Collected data
+ + +

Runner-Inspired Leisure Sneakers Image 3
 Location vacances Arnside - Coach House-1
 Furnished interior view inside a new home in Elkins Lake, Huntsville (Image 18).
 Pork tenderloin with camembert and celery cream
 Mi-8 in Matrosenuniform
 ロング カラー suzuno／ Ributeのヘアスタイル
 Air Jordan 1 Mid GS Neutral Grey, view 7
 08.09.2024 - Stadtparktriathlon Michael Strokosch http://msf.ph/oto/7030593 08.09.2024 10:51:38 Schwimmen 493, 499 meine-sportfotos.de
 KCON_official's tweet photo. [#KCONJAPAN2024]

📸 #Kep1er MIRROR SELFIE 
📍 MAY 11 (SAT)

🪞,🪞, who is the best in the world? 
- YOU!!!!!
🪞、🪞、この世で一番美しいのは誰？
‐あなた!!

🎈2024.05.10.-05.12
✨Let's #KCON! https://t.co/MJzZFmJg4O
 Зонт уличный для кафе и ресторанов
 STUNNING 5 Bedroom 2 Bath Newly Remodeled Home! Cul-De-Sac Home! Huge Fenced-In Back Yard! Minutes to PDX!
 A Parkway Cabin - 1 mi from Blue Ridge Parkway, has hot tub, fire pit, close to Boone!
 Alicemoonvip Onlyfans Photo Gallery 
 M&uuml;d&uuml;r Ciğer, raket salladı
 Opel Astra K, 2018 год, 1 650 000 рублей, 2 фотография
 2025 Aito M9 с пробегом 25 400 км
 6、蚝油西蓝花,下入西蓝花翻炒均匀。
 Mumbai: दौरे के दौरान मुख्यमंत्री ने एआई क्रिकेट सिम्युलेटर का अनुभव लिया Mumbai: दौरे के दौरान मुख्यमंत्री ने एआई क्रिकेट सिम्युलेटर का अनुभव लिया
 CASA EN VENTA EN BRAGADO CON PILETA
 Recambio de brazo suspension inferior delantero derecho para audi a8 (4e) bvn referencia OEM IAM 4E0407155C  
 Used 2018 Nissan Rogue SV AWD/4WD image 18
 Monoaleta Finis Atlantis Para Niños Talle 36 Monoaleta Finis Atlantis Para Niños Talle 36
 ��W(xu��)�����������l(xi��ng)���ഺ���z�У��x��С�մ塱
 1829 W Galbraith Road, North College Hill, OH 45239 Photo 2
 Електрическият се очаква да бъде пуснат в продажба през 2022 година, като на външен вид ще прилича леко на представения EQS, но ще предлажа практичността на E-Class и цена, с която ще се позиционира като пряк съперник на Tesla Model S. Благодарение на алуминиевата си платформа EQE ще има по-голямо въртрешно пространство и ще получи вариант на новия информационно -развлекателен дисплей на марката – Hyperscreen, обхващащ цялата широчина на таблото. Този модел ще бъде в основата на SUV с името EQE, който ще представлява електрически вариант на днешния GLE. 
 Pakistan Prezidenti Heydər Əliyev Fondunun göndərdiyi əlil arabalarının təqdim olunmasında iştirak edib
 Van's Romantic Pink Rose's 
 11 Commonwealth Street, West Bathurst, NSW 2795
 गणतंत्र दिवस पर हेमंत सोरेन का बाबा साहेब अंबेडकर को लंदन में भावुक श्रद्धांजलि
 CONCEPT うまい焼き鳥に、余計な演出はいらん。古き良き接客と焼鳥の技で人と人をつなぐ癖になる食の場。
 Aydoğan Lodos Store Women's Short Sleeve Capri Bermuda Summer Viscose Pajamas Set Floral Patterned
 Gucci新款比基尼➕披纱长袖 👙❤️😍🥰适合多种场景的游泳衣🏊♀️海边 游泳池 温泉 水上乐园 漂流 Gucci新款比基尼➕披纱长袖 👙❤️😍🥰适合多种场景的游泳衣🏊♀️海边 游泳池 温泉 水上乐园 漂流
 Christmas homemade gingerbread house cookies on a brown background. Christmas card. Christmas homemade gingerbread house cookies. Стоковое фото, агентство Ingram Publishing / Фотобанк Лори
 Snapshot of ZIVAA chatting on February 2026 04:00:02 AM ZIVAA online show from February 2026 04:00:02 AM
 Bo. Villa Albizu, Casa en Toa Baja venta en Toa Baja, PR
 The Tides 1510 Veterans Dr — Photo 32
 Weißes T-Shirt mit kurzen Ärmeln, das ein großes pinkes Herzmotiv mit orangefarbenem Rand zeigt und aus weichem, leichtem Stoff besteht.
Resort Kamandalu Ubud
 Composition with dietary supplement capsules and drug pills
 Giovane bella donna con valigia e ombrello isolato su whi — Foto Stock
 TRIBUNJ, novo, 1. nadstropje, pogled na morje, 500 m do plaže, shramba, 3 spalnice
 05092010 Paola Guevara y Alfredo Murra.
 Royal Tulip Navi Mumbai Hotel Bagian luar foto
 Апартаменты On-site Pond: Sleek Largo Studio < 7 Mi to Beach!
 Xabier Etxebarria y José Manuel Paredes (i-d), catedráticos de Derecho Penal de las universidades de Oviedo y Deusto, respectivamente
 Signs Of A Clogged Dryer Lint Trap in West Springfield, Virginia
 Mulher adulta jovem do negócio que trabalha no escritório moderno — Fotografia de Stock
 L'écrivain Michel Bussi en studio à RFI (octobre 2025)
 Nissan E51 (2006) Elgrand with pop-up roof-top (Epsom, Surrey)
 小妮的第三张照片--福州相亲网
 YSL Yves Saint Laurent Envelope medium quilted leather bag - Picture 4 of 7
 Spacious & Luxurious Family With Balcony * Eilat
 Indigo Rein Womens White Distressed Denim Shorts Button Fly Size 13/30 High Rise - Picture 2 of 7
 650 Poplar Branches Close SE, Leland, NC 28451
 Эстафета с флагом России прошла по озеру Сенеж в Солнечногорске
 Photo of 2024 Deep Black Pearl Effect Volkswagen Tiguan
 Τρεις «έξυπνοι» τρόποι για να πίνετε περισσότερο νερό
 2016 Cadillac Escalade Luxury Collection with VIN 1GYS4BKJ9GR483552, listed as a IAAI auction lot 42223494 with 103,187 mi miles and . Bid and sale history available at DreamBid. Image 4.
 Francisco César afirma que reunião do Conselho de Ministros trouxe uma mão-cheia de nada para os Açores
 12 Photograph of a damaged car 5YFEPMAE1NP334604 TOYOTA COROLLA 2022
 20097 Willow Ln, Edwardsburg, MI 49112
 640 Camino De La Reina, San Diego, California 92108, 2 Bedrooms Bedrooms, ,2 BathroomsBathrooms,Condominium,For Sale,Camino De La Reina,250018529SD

+ + +

» **TASK GOAL**
Using the data above, print exactly the lines from the line that contains "ロング カラー suzuno／ Ributeのヘアスタイル" through the line that contains "Used 2018 Nissan Rogue SV AWD/4WD image 18", with both included.

» **ANSWER TO THE PROBLEM**
 ロング カラー suzuno／ Ributeのヘアスタイル
 Air Jordan 1 Mid GS Neutral Grey, view 7
 08.09.2024 - Stadtparktriathlon Michael Strokosch http://msf.ph/oto/7030593 08.09.2024 10:51:38 Schwimmen 493, 499 meine-sportfotos.de
 KCON_official's tweet photo. [#KCONJAPAN2024]

📸 #Kep1er MIRROR SELFIE 
📍 MAY 11 (SAT)

🪞,🪞, who is the best in the world? 
- YOU!!!!!
🪞、🪞、この世で一番美しいのは誰？
‐あなた!!

🎈2024.05.10.-05.12
✨Let's #KCON! https://t.co/MJzZFmJg4O
 Зонт уличный для кафе и ресторанов
 STUNNING 5 Bedroom 2 Bath Newly Remodeled Home! Cul-De-Sac Home! Huge Fenced-In Back Yard! Minutes to PDX!
 A Parkway Cabin - 1 mi from Blue Ridge Parkway, has hot tub, fire pit, close to Boone!
 Alicemoonvip Onlyfans Photo Gallery 
 M&uuml;d&uuml;r Ciğer, raket salladı
 Opel Astra K, 2018 год, 1 650 000 рублей, 2 фотография
 2025 Aito M9 с пробегом 25 400 км
 6、蚝油西蓝花,下入西蓝花翻炒均匀。
 Mumbai: दौरे के दौरान मुख्यमंत्री ने एआई क्रिकेट सिम्युलेटर का अनुभव लिया Mumbai: दौरे के दौरान मुख्यमंत्री ने एआई क्रिकेट सिम्युलेटर का अनुभव लिया
 CASA EN VENTA EN BRAGADO CON PILETA
 Recambio de brazo suspension inferior delantero derecho para audi a8 (4e) bvn referencia OEM IAM 4E0407155C  
 Used 2018 Nissan Rogue SV AWD/4WD image 18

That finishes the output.